Airbus says military demand to grow amid Asia tensions

Airbus Group expects to see growing demand for military aircraft in Asia amid simmering tensions in the South China Sea and other areas.

The Asian market for defense and space-related business could grow to about $50 billion a year within the next five years, from $45 billion now, said Christian Scherer, executive vice president for marketing and sales at Airbus Defense &Space, the planemaker’s defense unit.

Countries across Asia are stepping up military spending as China asserts claims to disputed territories and resources. Japan has also boosted its defense budget for three years straight as the government seeks to ease pacifist constraints imposed by the country’s post-World War II constitution.

Asia’s market for defense-related aircraft “is not only the second-largest in absolute numbers, but also the fastest- growing” in the world, Scherer said in an interview Wednesday in Langkawi, Malaysia. Needs range “anywhere from surveillance aircraft, small surveillance aircraft, maritime patrol aircraft, electronic warfare-type airplanes – all the way up to big logistic aircraft, fighters, tankers.”

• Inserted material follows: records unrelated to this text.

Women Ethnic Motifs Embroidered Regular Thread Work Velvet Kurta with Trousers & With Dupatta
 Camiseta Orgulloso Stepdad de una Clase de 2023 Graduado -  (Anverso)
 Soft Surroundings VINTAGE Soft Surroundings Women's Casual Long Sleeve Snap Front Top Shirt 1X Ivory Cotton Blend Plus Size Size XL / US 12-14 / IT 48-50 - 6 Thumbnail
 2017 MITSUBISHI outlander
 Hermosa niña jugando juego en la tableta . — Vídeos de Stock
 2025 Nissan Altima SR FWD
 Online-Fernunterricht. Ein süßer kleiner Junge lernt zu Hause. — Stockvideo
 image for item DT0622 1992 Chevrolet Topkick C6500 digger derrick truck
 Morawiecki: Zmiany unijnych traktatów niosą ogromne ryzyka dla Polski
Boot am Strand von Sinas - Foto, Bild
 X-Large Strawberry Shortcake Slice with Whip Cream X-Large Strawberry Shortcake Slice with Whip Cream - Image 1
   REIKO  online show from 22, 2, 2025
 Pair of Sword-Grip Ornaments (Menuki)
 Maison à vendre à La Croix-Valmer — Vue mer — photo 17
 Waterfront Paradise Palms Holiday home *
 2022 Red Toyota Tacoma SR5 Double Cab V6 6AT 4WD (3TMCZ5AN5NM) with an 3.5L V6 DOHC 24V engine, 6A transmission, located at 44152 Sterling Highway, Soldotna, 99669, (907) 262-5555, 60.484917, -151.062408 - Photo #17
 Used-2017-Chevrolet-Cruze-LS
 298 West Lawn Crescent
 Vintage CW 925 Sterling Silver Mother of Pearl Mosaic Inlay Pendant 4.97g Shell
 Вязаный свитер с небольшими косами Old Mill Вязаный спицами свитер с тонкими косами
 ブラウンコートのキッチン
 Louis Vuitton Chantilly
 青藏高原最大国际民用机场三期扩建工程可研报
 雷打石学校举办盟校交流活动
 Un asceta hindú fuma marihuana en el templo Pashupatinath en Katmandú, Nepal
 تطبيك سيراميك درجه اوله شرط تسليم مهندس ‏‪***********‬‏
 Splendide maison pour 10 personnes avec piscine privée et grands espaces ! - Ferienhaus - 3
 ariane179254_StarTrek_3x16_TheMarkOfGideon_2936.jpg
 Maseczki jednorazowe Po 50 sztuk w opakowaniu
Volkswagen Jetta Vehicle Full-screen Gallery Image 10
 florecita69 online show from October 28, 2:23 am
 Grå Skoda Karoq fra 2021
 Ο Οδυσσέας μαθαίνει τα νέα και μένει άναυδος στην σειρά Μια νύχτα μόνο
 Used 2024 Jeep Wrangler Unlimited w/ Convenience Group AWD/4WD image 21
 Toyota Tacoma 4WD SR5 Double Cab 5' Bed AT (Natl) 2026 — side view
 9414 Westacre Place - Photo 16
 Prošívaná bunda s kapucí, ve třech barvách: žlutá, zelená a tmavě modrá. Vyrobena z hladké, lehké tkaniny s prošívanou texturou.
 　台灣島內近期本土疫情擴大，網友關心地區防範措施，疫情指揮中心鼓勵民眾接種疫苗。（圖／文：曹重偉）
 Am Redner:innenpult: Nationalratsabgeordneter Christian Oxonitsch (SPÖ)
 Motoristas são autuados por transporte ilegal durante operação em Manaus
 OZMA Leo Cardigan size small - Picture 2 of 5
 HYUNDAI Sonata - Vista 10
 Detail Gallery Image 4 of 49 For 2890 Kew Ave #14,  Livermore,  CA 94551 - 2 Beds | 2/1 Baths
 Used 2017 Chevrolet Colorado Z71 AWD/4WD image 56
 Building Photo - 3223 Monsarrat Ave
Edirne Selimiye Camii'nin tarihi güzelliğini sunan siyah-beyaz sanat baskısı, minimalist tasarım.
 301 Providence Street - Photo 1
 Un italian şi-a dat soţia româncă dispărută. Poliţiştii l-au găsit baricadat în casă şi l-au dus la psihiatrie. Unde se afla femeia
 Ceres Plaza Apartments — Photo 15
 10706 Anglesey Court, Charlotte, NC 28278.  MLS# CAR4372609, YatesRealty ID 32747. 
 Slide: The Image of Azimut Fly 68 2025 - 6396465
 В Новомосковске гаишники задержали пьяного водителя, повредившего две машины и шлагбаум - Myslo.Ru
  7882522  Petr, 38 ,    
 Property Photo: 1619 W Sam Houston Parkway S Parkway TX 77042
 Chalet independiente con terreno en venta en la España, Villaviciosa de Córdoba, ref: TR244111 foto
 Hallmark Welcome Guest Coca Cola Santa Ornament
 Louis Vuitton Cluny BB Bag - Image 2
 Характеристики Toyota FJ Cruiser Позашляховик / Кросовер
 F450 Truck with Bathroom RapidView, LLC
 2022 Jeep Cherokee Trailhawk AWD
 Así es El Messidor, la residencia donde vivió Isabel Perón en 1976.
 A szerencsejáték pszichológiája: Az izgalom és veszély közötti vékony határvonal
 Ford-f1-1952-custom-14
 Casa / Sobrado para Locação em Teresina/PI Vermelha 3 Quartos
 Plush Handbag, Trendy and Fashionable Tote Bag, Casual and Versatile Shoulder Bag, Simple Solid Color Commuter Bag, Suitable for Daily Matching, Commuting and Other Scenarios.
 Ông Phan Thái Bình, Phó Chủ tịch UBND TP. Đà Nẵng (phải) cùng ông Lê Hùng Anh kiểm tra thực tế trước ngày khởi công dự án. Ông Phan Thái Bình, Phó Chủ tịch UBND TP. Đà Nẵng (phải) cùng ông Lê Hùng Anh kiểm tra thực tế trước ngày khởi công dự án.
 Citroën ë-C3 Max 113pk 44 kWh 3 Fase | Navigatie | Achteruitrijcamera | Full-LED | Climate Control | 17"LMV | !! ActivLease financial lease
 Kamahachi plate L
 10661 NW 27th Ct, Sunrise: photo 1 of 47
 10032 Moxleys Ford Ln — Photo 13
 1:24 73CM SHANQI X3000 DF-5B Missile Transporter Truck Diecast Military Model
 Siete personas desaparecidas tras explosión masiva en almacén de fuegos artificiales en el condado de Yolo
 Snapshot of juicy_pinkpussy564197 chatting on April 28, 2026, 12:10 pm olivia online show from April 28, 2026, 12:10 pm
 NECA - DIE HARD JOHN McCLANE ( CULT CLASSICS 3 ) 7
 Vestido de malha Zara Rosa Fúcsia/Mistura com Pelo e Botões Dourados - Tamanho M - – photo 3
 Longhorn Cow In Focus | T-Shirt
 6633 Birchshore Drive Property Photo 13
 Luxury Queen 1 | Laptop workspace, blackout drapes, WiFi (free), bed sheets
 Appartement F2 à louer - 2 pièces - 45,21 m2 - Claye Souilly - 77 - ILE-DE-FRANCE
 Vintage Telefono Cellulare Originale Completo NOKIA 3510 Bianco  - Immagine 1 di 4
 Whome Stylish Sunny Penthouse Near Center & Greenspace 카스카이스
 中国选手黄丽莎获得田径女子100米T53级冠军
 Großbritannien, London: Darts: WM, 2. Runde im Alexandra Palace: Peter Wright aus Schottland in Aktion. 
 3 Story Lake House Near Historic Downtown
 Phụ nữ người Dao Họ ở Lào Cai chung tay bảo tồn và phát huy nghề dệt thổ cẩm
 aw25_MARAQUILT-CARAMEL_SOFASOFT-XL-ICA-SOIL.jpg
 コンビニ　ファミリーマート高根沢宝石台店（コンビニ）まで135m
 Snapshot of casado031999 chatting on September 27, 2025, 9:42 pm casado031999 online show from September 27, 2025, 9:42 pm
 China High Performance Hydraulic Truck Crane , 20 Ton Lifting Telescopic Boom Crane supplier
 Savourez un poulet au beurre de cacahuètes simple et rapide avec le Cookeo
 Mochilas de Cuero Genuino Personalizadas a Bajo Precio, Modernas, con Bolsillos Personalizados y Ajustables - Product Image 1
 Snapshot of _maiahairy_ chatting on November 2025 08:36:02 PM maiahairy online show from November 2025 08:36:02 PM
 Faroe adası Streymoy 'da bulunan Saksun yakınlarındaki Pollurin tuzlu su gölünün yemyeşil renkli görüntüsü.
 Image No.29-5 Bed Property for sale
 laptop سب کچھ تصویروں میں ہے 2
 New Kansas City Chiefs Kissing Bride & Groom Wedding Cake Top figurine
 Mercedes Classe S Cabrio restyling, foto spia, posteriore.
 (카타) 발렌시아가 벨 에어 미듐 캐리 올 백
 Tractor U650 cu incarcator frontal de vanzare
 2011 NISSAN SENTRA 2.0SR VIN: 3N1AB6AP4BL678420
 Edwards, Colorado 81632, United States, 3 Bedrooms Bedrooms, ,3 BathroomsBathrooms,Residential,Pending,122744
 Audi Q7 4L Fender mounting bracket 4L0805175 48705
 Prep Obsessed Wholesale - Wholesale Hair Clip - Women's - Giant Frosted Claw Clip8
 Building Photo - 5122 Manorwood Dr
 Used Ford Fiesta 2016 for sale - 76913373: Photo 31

In recent years, Asian countries including Singapore and South Korea have ordered fighter jets, submarines, transport aircraft and patrol vessels to strengthen their defenses.

Last week Airbus delivered the first of four A400M transport planes to Malaysia, the first country outside Europe to have them. The aircraft has been on display this week at The Langkawi International Maritime &Aerospace Exhibition.

Airbus soon will deliver the first of three C295 aircraft to the Philippines, Scherer said.

South Korea plans to buy as many as six military transport planes, with a decision on exactly what to buy expected by mid- year, Scherer said. Airbus hopes to sell its A330 multi-role tanker transport plane, but is competing for the bid against Boeing Co. So far, in the Asia-Pacific region only Australia and Singapore have bought this Airbus plane.

The company also is partnering with Korean Air Lines Co. on its bid to develop a South Korean jet fighter, Scherer said, with Airbus set to provide engineering assistance on the project. Korean Air, the country’s largest carrier, provides components for Airbus’s A320 and Boeing’s 777 commercial planes.

Airbus also expects demand to grow for observation and communications solutions using its satellites, after the disappearance of a Malaysian Airlines System Bhd plane a year ago intensified calls for better tracking systems, Scherer said.

The company is in “very advanced discussions” with several countries to equip their armed forces with observation and communications solutions, Scherer said.

Earlier this week, Airbus said it will move one of its satellites over the eastern Asia-Pacific region, which includes Australia, providing a secure communications capability in the region.